It's the media, stupid
Short version: In the last three days, most of the media vented too many pre/during/post Romania country report thoughts, missed out on the story of the FBI wiretapping them, ignored the real number of National Guard troops to adorn the US-Mexican border, wasted time debating a reality show about a deviant (the icky kind) relationship, and some really bright 'uns mistook a cab driver for a computer expert on live television. Good times.
Continues: The last couple of days led to a profound understanding on my part as to how abstract a notion sanity really is. Hell, the last couple of days turned me into a character of Waking life.
Even if you're from, say, Orange County (and yes, this is supposed to be a mean unsubstantiated insult since I've never been), surely you must have heard by now that the European Commission released a country report Tuesday recommending 2007 or 2008 as the European Union entry date for Bulgaria and Romania (well, it's 2007, but they reserved the right to change their minds in October - this the sweetest shortest I could find).
So Monday-ish (in some instances way earlier) the Romanian media one-upped each other at the hypothesis game (which I'm told is quite usual on the eve of such great events - like the extensive coverage last year of the last days of Pope John Paul II). Nevermind the plethora of stories focused on what experts and analysts thought the report would/should say - I do get that and I did play my part.

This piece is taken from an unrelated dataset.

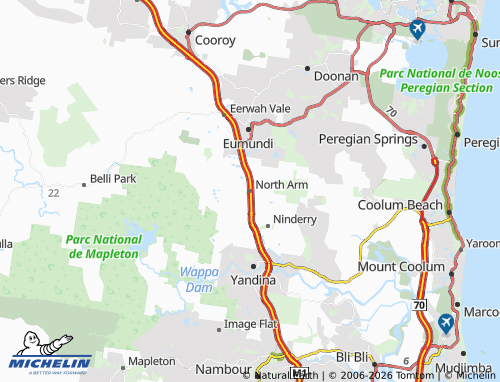 MICHELIN North Arm map - ViaMichelin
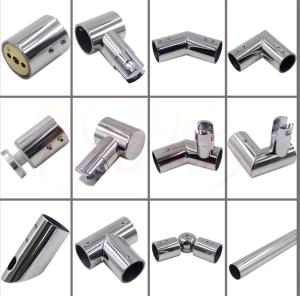 China Shower Room Glass Door Round Pipe Hinge Easy Installation Adjustable factory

But the infamous sources reared their ugly anonymous heads. Official sources, government sources, sources in Brussels, sources in Strasbourg, sources in Sofia, sources in Bucharest, all and their families were given ample play time - which is hilarious really, considering the options were limited to: EU entry in 2007 (the simple kind, or with some decision-making rights lifted), 2008, or a postponement of the recommendation until the October country report.
But the mills kept on milling variations of the above giving reporters something to obsess about all through Monday and early Tuesday. Lift curtain, release report, let the analyses, pointing of fingers and rubbing of hands begin.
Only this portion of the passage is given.